*** Block opens ***
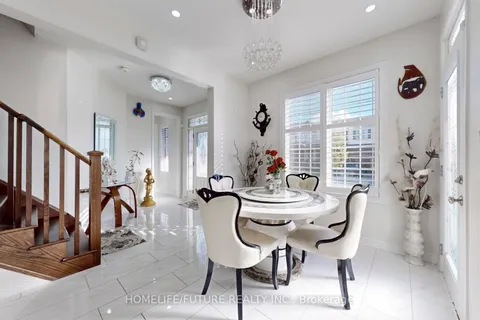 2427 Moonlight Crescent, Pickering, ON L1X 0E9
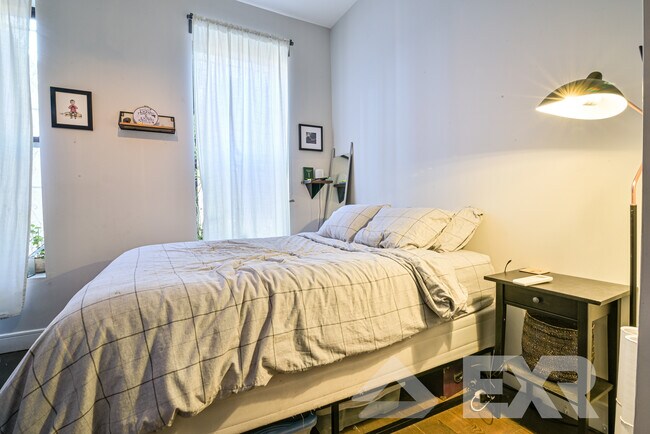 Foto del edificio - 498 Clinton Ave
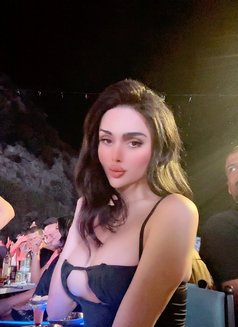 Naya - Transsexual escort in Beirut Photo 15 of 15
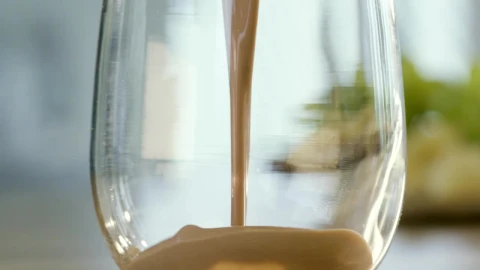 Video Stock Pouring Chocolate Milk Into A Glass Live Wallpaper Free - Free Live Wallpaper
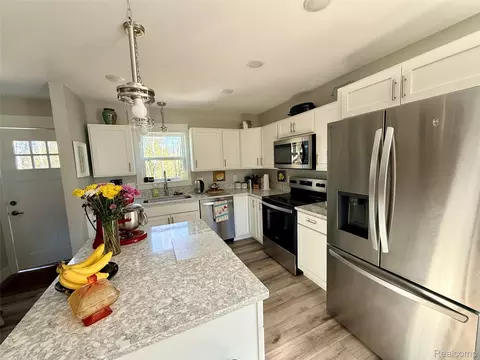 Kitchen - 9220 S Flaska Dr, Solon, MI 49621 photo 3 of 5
*** Block closes ***
*** Block opens ***
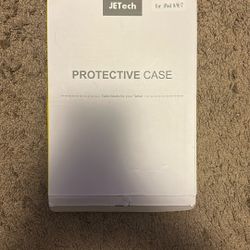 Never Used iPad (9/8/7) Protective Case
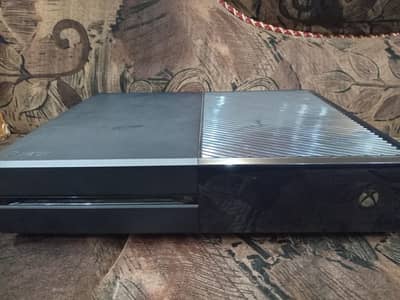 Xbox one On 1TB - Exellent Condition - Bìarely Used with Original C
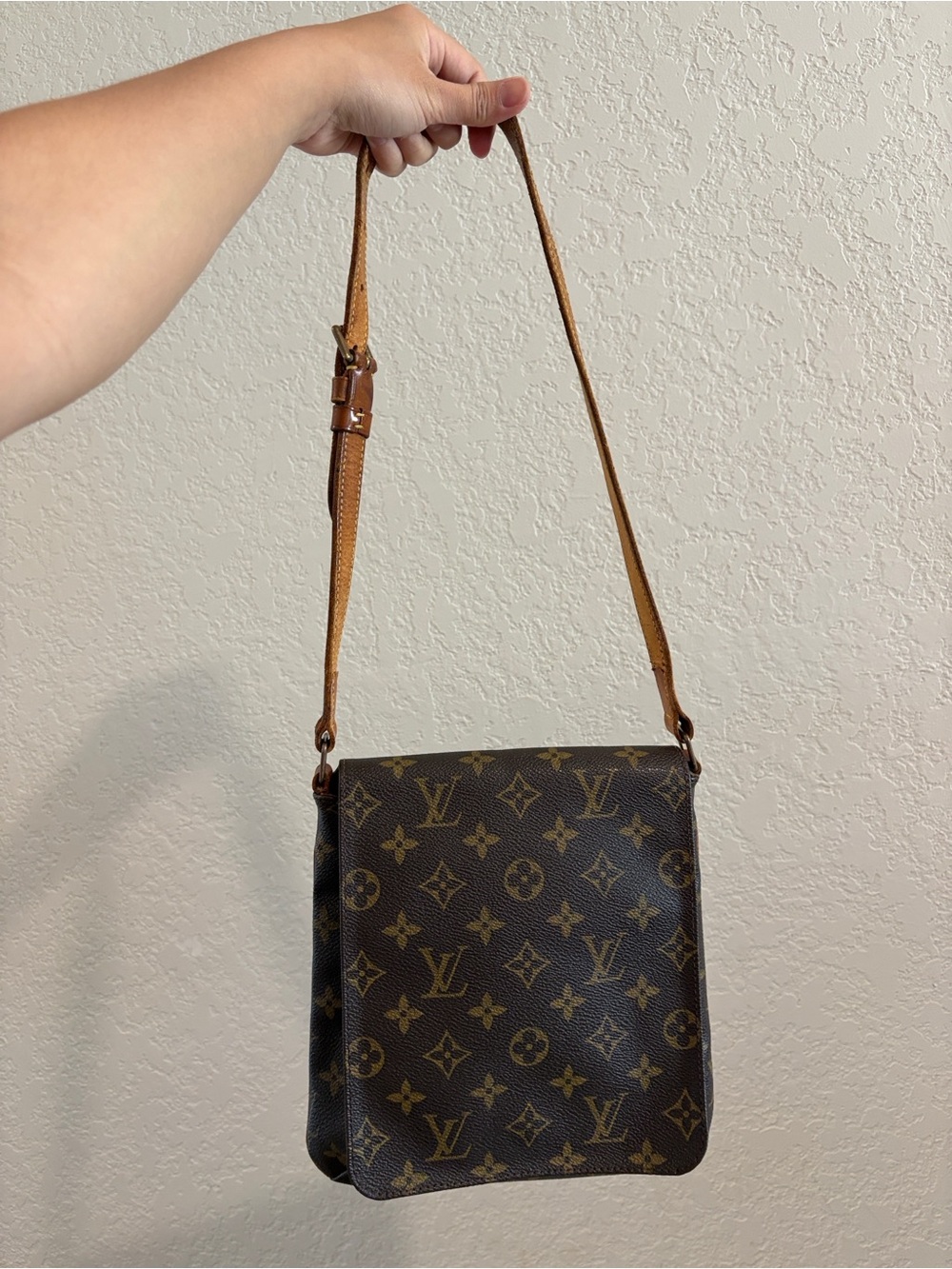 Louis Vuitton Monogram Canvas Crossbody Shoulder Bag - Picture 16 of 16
*** Block closes ***
* _What the task requires_
Everything above from the line containing "Video Stock Pouring" down to the line containing "Kitchen - 9220" is to be duplicated exactly, both lines included, and the pictures are to be omitted.

* _Exercise solution_
 Video Stock Pouring Chocolate Milk Into A Glass Live Wallpaper Free - Free Live Wallpaper
 Kitchen - 9220 S Flaska Dr, Solon, MI 49621 photo 3 of 5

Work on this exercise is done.